Ricardo Calil
Reprodução
O galã Carlo Mossy (com a musa Rossana Ghessa): “carnificina”24.01.2005 | Se o cinema brasileiro dos anos 70 fosse transformado em filme de ficção, a pornochanchada faria o papel do amante cafajeste, o público seria a boazuda insaciável e o cinema oficial da Embrafilme representaria o marido traído.

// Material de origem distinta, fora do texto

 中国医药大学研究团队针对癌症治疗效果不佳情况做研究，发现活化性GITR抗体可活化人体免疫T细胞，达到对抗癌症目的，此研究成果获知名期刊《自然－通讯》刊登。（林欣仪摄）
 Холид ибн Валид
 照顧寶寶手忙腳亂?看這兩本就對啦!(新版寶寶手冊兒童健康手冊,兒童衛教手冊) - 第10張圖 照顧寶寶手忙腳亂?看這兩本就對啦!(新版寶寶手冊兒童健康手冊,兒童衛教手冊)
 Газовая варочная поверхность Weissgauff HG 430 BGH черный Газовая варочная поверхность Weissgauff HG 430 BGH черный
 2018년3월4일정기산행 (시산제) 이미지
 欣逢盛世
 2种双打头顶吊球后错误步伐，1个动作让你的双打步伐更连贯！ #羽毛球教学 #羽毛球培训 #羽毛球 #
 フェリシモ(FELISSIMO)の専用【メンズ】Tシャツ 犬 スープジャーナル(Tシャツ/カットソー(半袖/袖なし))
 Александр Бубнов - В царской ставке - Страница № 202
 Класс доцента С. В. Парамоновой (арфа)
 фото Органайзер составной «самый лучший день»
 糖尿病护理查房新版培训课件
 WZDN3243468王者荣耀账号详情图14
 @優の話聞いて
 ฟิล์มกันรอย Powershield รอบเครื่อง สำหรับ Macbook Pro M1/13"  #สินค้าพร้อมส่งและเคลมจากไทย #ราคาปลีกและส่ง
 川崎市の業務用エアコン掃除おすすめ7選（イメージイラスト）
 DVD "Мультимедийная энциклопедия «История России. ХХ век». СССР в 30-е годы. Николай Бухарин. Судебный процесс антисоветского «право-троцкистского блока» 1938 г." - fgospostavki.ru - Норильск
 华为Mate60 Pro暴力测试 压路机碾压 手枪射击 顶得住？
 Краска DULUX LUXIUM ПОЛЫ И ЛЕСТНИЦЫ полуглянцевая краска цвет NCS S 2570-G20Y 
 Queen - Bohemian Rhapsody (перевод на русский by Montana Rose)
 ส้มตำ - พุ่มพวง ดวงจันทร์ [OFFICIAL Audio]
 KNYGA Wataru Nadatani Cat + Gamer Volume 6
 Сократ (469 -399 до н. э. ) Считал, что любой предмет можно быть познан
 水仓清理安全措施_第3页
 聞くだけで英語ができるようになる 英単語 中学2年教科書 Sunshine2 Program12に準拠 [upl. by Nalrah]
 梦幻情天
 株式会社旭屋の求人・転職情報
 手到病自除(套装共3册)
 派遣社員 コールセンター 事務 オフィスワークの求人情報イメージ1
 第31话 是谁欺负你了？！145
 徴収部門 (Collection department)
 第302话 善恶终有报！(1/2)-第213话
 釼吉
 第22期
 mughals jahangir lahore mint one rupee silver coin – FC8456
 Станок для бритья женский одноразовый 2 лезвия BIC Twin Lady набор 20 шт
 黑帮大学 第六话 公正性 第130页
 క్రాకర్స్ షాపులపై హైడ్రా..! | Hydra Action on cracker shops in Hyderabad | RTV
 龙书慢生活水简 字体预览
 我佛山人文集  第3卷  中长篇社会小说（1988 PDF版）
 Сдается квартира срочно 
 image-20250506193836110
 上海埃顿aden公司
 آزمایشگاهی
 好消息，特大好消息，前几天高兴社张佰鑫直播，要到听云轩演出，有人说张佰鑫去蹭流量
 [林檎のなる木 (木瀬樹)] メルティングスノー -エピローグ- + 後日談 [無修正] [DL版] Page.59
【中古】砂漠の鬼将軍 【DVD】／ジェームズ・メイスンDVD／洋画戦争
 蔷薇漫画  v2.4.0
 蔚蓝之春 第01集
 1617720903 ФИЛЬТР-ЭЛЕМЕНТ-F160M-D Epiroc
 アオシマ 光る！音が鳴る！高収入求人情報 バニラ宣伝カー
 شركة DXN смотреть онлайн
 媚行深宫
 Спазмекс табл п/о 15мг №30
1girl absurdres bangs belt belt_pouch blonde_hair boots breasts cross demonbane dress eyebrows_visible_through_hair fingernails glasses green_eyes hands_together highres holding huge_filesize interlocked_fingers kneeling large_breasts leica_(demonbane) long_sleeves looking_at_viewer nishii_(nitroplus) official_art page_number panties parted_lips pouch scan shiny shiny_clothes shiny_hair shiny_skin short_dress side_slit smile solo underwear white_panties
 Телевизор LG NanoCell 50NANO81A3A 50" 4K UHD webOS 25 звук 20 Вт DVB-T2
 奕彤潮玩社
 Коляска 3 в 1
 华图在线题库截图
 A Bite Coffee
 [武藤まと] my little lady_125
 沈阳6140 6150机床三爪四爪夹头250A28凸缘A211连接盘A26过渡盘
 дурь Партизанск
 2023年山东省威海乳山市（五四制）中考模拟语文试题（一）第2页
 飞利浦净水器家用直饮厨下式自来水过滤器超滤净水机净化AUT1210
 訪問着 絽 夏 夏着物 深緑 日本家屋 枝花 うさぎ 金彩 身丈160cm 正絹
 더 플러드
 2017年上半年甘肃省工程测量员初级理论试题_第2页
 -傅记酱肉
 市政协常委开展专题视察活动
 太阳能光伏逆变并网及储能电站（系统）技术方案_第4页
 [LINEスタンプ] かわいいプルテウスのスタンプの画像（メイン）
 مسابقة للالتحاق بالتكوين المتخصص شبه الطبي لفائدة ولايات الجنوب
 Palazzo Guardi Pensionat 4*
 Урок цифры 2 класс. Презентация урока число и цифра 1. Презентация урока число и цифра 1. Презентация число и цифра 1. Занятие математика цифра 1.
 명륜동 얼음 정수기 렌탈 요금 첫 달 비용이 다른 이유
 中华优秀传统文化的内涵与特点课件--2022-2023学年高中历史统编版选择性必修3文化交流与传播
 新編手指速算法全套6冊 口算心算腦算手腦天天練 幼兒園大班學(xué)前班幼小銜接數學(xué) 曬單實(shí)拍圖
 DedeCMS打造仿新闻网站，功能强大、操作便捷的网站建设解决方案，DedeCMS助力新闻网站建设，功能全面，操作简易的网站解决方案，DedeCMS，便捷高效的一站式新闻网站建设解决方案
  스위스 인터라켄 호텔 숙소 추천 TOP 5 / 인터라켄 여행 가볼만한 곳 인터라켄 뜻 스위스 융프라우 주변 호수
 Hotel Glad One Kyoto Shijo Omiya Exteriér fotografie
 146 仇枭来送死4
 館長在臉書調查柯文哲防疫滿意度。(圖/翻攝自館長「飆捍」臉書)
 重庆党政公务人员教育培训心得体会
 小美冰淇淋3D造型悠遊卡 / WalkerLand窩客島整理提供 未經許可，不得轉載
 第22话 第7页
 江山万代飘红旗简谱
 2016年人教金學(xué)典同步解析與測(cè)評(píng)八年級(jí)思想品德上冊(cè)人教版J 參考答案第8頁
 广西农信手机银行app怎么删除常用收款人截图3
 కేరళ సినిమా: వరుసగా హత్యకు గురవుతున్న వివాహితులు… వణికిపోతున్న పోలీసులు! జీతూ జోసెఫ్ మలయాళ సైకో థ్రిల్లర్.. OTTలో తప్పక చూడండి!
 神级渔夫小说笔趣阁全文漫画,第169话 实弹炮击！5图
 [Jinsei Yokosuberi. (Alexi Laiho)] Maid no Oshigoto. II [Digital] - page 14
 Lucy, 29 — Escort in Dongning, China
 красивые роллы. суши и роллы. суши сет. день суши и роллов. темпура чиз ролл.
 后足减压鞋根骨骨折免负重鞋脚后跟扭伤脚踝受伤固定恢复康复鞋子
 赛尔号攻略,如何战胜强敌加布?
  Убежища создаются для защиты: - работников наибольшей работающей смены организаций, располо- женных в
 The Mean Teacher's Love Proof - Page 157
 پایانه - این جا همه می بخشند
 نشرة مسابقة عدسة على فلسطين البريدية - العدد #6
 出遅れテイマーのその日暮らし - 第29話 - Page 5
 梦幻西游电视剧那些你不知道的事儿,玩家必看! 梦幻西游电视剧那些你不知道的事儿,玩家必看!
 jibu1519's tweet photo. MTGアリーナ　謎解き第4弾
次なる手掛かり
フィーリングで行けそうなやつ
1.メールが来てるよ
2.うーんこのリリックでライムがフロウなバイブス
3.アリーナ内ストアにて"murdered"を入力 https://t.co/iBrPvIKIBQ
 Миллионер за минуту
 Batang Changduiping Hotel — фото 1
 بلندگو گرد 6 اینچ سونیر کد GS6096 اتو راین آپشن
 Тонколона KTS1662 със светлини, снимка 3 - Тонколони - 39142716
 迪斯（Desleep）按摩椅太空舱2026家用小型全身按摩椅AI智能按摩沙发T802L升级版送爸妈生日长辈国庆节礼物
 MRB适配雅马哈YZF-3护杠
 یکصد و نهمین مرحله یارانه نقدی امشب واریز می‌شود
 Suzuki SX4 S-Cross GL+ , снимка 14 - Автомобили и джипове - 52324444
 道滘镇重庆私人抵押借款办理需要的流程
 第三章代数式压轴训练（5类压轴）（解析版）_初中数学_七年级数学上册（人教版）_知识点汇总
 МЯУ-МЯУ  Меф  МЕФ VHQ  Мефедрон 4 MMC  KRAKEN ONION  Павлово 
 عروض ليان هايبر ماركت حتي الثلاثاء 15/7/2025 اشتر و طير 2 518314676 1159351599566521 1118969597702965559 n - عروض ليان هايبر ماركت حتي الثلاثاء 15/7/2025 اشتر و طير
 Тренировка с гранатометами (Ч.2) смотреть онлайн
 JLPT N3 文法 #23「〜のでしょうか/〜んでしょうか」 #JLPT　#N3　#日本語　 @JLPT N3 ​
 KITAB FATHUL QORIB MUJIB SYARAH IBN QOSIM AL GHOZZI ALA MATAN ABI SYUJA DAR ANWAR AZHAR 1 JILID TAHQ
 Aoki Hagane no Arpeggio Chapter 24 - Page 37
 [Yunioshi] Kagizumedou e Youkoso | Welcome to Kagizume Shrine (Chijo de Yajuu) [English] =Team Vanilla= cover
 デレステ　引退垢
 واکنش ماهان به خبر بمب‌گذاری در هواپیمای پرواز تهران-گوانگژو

No clímax desse filme imaginário, o marido chegaria em casa no momento em que a mulher se entrega ao amante e este corre para se esconder no armário. Desconfiado, o corno trancaria o armário e jogaria a chave fora.
A pornochanchada ficou escondida durante anos no armário da história oficial do cinema brasileiro, mas agora dá sinais de uma volta em grande estilo. O gênero inspirou documentários sobre suas atrizes e produtores, virou tema de mostras em museus e cinematecas, de teses de doutorado e até de um disco – além de manter uma sessão de sucesso no Canal Brasil.
“A pornochanchada foi uma carnificina celulóidica”, define Carlo Mossy, galã e produtor de boa parte dos filmes do ciclo que dominou as telas dos cinemas brasileiros nos anos de chumbo da ditadura militar. “Foi uma grande sacanagem”, endossa o jornalista Xico Sá, conhecedor do gênero.
Dar papel de destaque à pornochanchada na história do cinema brasileiro é uma questão de justiça. Durante os anos 70 e começo dos 80 foram produzidos mais de 600 filmes do gênero. Alguns deles figuram entre as maiores bilheterias do cinema nacional. “Os mansos” teve 2,8 milhões de espectadores, “A viúva virgem” atraiu 2,5 milhões de pessoas e “Como era boa a nossa empregada” arrebatou outras 2,04 milhões.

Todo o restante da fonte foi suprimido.